* [WHAT TO DO]: What are the lines from the top of the entries below through the line containing "cg thick flourish dingbats"? Return them exactly, both ends included, without the pictures.

Records drawn from a dataset
>>>

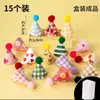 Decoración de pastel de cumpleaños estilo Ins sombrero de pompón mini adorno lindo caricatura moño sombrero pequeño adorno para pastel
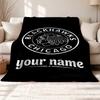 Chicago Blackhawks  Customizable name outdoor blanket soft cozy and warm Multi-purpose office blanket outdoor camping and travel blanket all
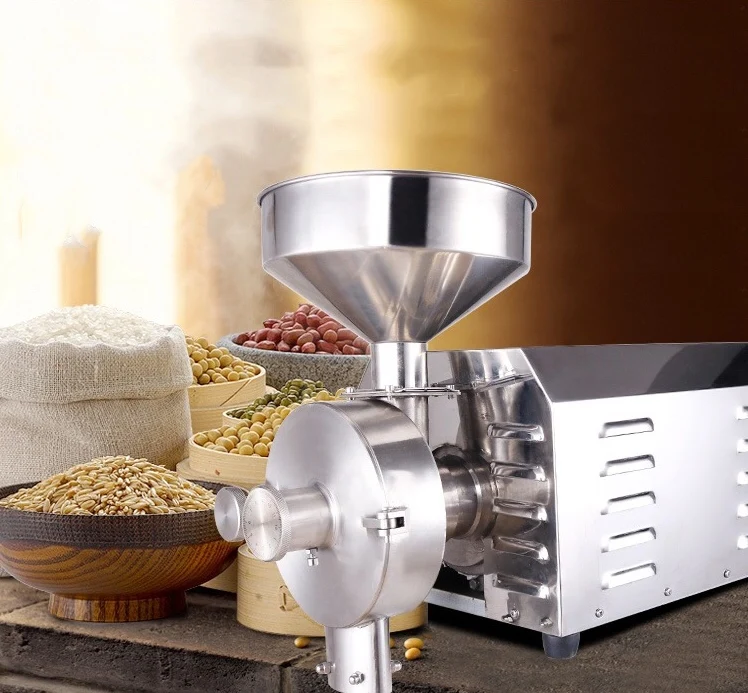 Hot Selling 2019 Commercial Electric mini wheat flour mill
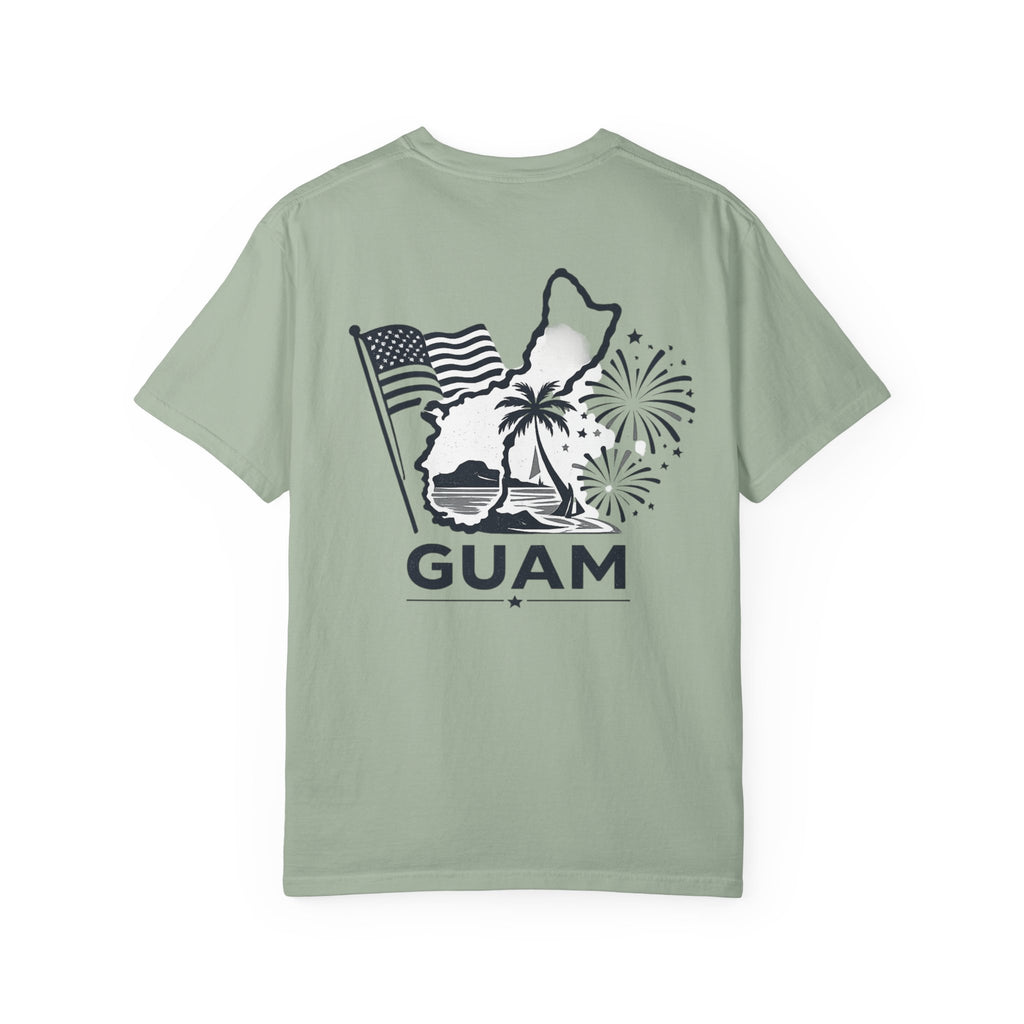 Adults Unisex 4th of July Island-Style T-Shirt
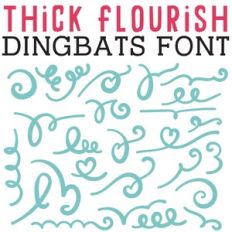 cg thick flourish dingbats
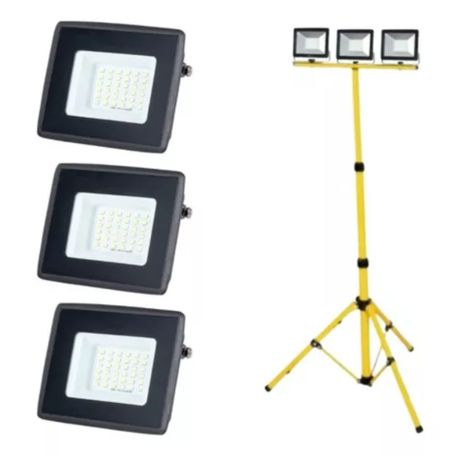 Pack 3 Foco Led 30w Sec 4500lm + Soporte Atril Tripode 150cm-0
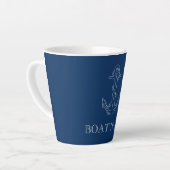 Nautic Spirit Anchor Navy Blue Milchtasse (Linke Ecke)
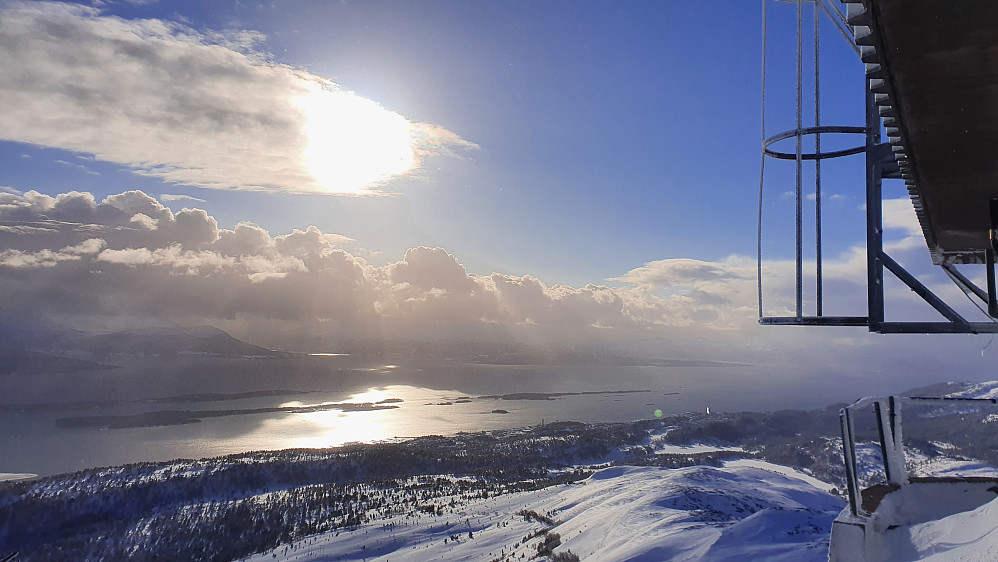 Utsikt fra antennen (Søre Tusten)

<<<

* [ANSWER SECTION]:
 Decoración de pastel de cumpleaños estilo Ins sombrero de pompón mini adorno lindo caricatura moño sombrero pequeño adorno para pastel
 Chicago Blackhawks  Customizable name outdoor blanket soft cozy and warm Multi-purpose office blanket outdoor camping and travel blanket all
 Hot Selling 2019 Commercial Electric mini wheat flour mill
 Adults Unisex 4th of July Island-Style T-Shirt
 cg thick flourish dingbats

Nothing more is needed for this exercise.